## What you need to do
Across the whole listing, return each line exactly, with no images included.

══ Records provided

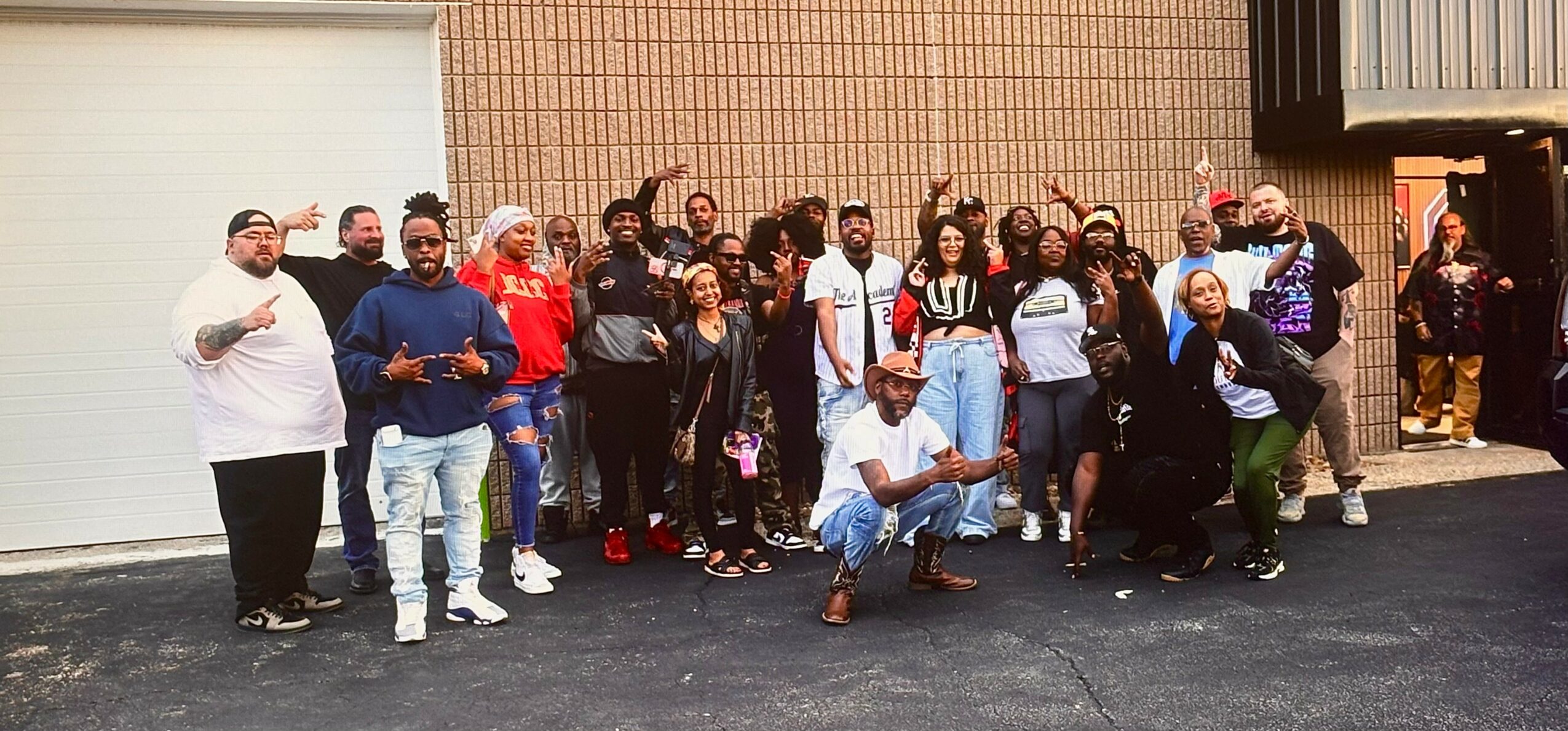 Group of people standing outside in front of a building, some smiling and posing for the photo.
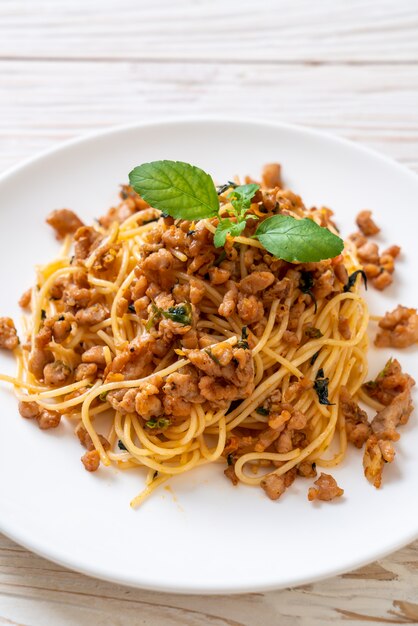 stir fried spaghetti with minced pork and basil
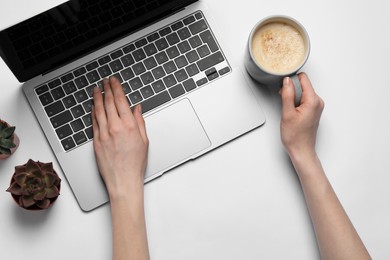 Woman using laptop at white table, top view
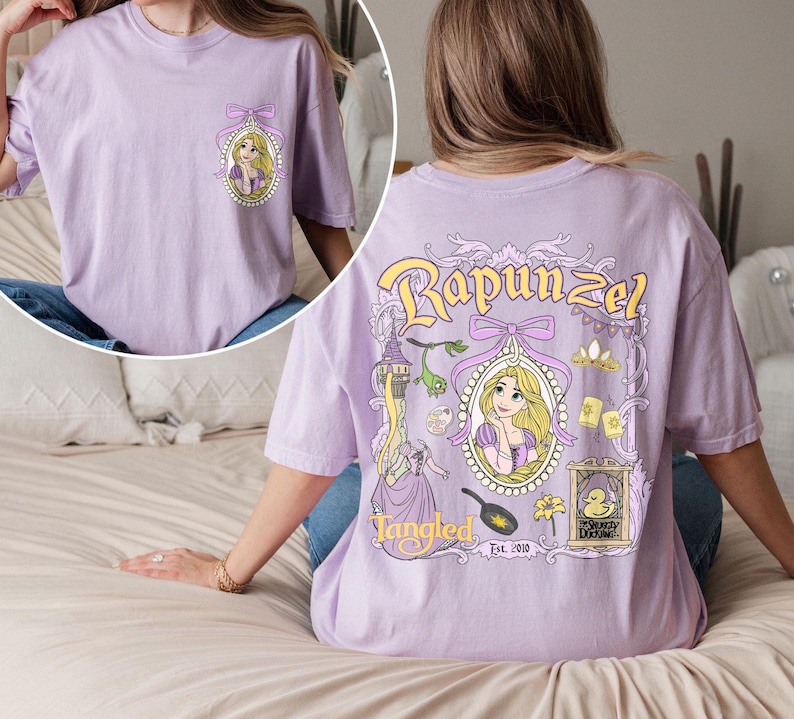 K&ouml;nnte beinhalten: Ein lavendelfarbenes T-Shirt mit einem Grafikdruck von Rapunzel aus dem Disney-Film Rapunzel - Neu verf&ouml;hnt. Die Grafik enth&auml;lt Rapunzels Portr&auml;t, einen Turm, eine Bratpfanne, eine Blume und eine Ente. Der Text "Tangled Est. 2010" ist unter der Grafik gedruckt.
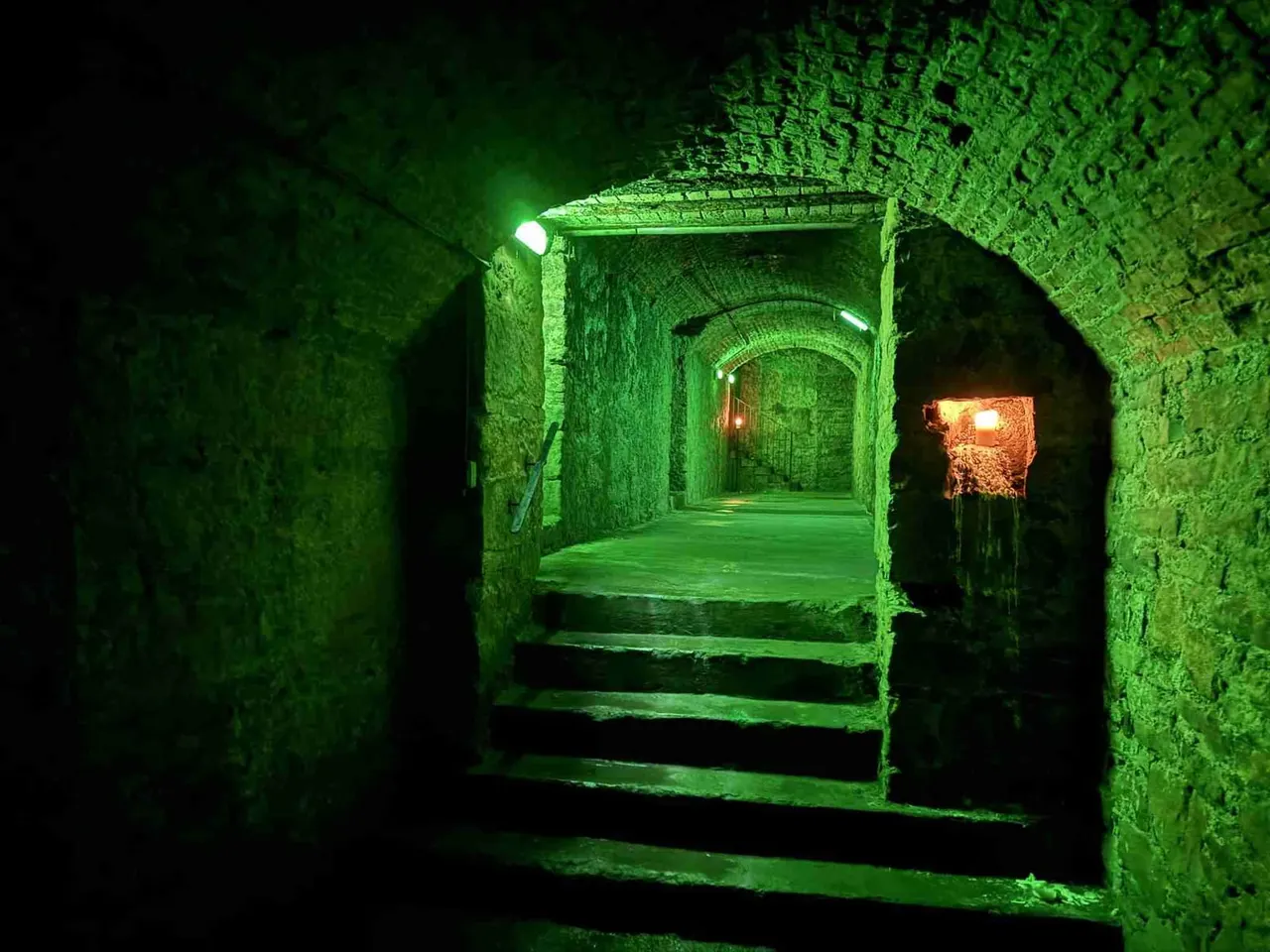 Historic underground brick tunnel lit in green, with stone steps leading deeper into darkness and a small fire visible in the distance.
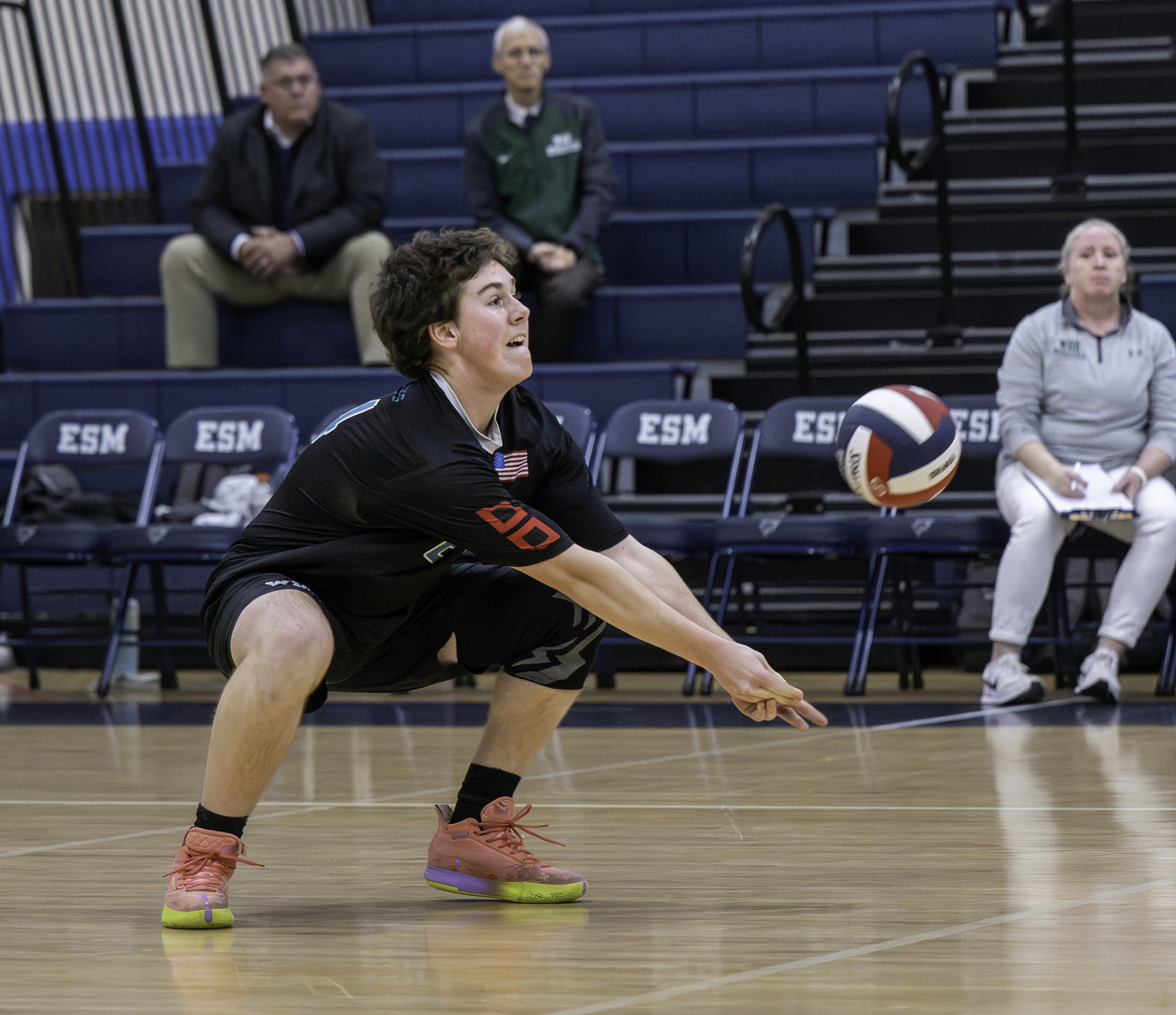 Junior libero Nolan Parsons reaches for the ball. MARIANNE BARNETT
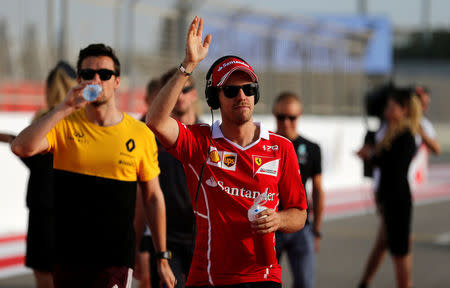 Formula One - F1 - Bahrain Grand Prix - Sakhir, Bahrain - 16/04/17 - Ferrari Formula One driver Sebastian Vettel of Germany waves at fans during the drivers parade at the Bahrain F1 Grand Prix. REUTERS/Hamad I Mohammed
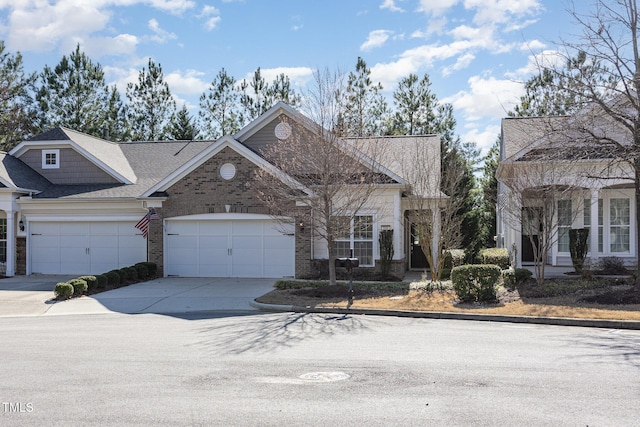 view of front of house with driveway, brick siding, roof with shingles, and an attached garage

════

## Exercise output
 Group of people standing outside in front of a building, some smiling and posing for the photo.
 stir fried spaghetti with minced pork and basil
 Woman using laptop at white table, top view
 K&ouml;nnte beinhalten: Ein lavendelfarbenes T-Shirt mit einem Grafikdruck von Rapunzel aus dem Disney-Film Rapunzel - Neu verf&ouml;hnt. Die Grafik enth&auml;lt Rapunzels Portr&auml;t, einen Turm, eine Bratpfanne, eine Blume und eine Ente. Der Text "Tangled Est. 2010" ist unter der Grafik gedruckt.
 Historic underground brick tunnel lit in green, with stone steps leading deeper into darkness and a small fire visible in the distance.
 Junior libero Nolan Parsons reaches for the ball. MARIANNE BARNETT
 Formula One - F1 - Bahrain Grand Prix - Sakhir, Bahrain - 16/04/17 - Ferrari Formula One driver Sebastian Vettel of Germany waves at fans during the drivers parade at the Bahrain F1 Grand Prix. REUTERS/Hamad I Mohammed
 view of front of house with driveway, brick siding, roof with shingles, and an attached garage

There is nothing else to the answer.